En estos días, leí una noticia de un nuevo reglamento para el funcionamiento de las UBPC. No las limita, sino las libera: les garantiza el principio de autonomía prescrito por el Partido cuando, antes que una ley, les dio existencia con un acuerdo político. Esto es, el Partido las respaldó desde antes de ser una criatura colectiva de distinto tipo en nuestros campos.
Tirando los ojos hacia la agricultura en general, podríamos deducir que la contraseña del adelanto de las fuerzas productivas consiste en ciertas adecuaciones autonómicas. Es increíble que aún estructuras locales determinen qué sembrar en esta tierra o en aquella, o cómo o cuándo cosechar. O que estructuras municipales suministren los insumos básicos, de modo que el productor siempre espere por la atención de un personificado mecanismo oficial que da o no da, y a veces quita.
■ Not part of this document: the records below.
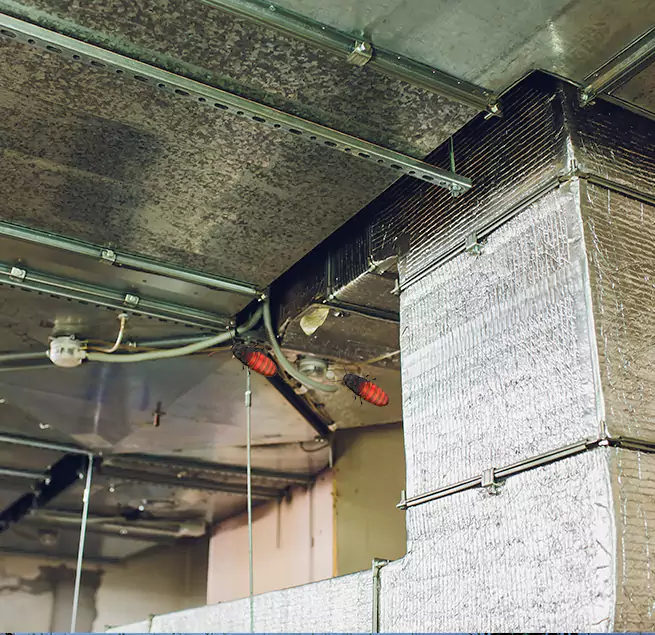 Why Homeowners & Businesses Trust Us Concord, NC?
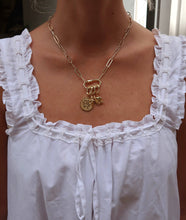Load image into Gallery viewer, Carabiner Necklace
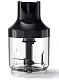 Блендер Philips HR2683/00, нержавеющая сталь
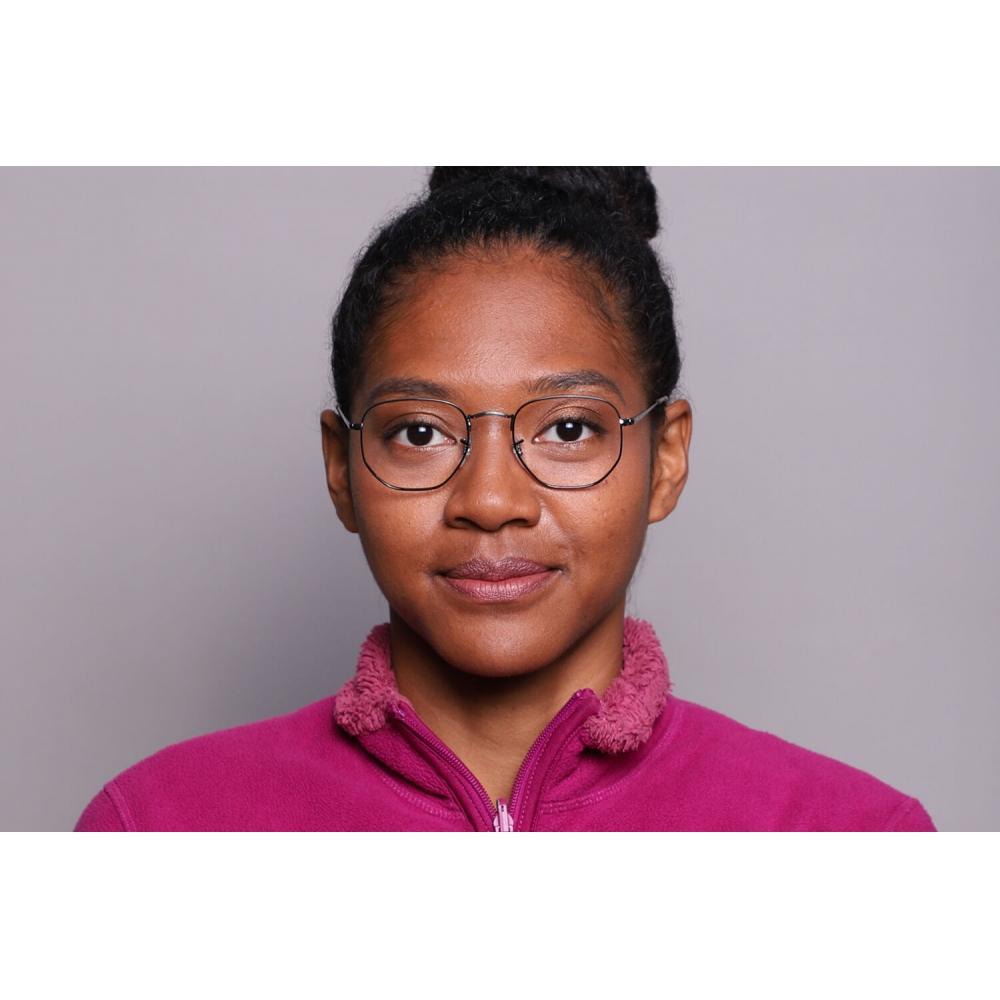 Ray Ban Rx6448 2502 Unisex Eyeglasses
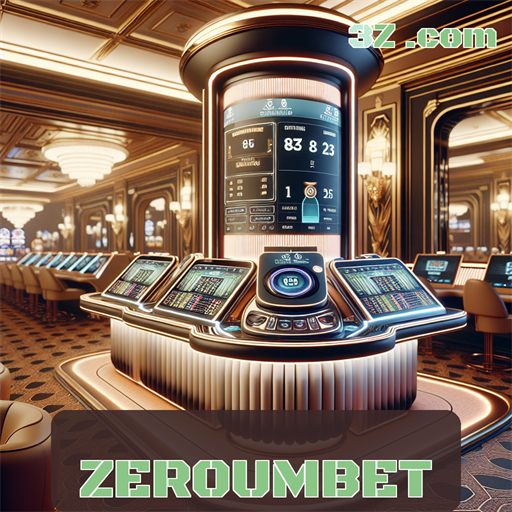 zeroum bet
A la aplicación del Decreto Ley 259, que distribuye tierras ociosas, posiblemente le esté ocurriendo lo mismo que al de las UBPC en su momento. Y no hallo otra manera que llamar a ese mal como resistencia. Y la resistencia es término ambivalente. Ha sido una virtud del pueblo frente a la agresión y la voracidad de la potencia del Norte, y resulta una táctica burocrática ante la nueva configuración socioeconómica del país.
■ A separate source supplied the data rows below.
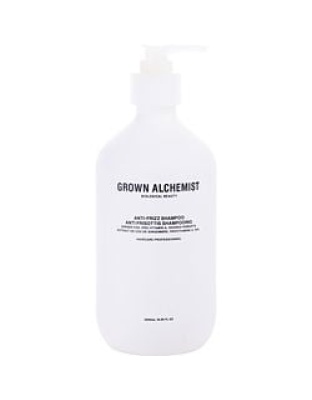 Grown Alchemist by Grown Alchemist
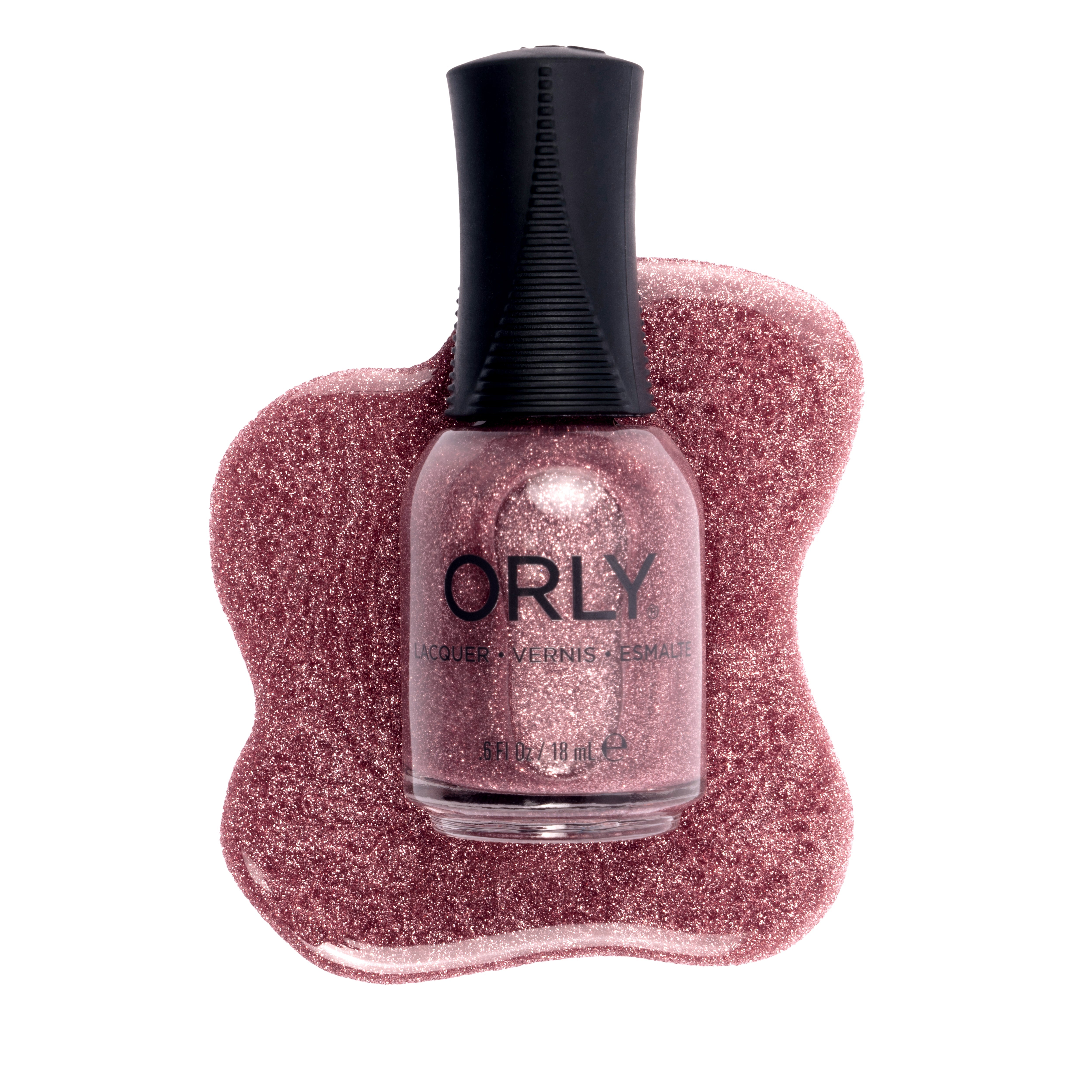 Orly - Twinkling Lights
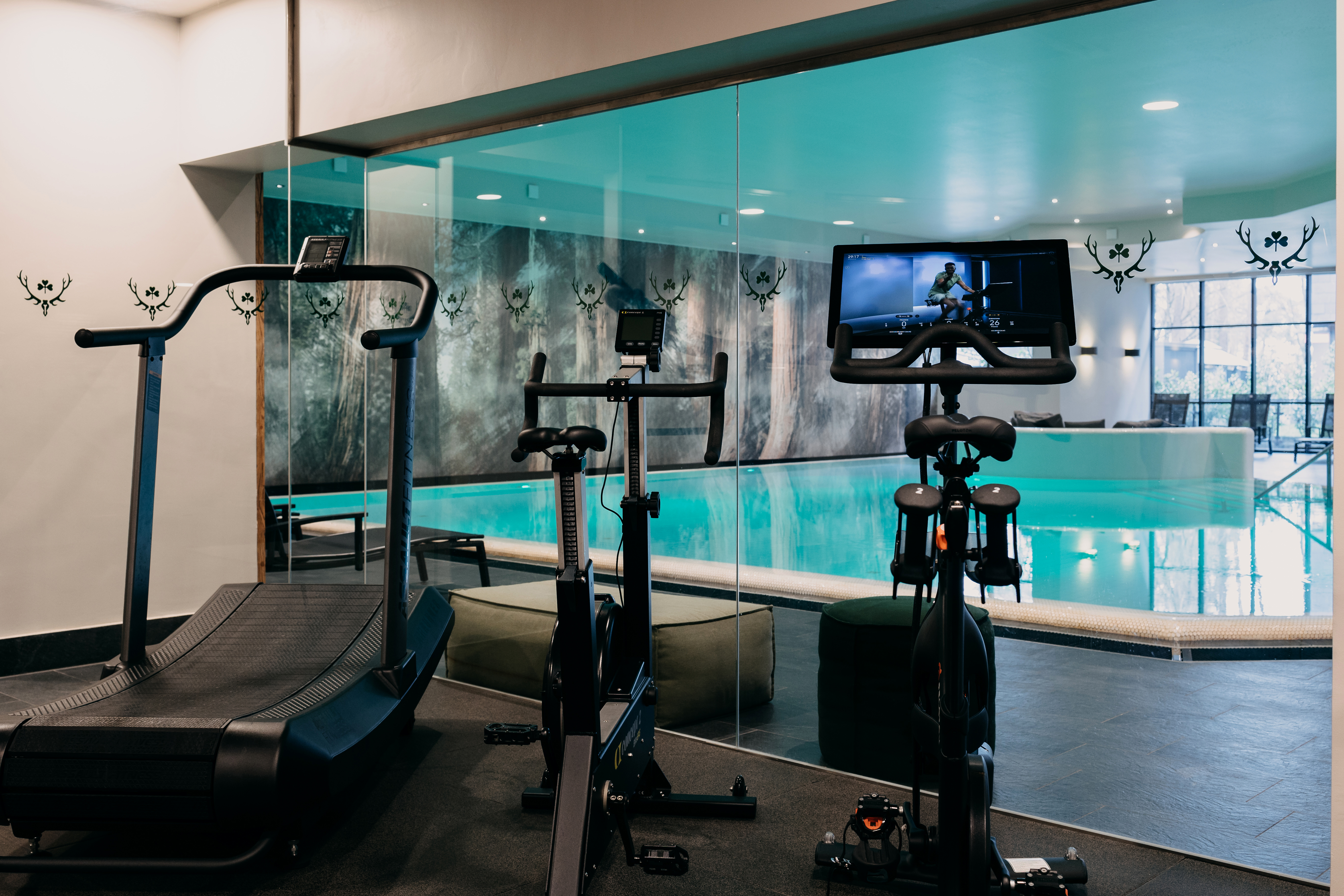 Urlaub-mit-Hund: Hotel Forsthaus Nürnberg-Fürth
La resistencia, en negativo, se asemeja a una cola larga. A veces se arrastra sutilmente como el majá; otro día se encabrita como caballo cerrero, y en ciertas jornadas se mueve lentamente, como un buey agobiado por el calor. Algún papel habrá de tener la oficina. Pero el más indeseable sería el de paralizar, distorsionándolas mediante herrajes forjados por iniciativas locales, cuantas medidas el Gobierno adopte para azuzar la vergüenza de saber a nuestra agricultura incapaz de producir lo que la sociedad exige.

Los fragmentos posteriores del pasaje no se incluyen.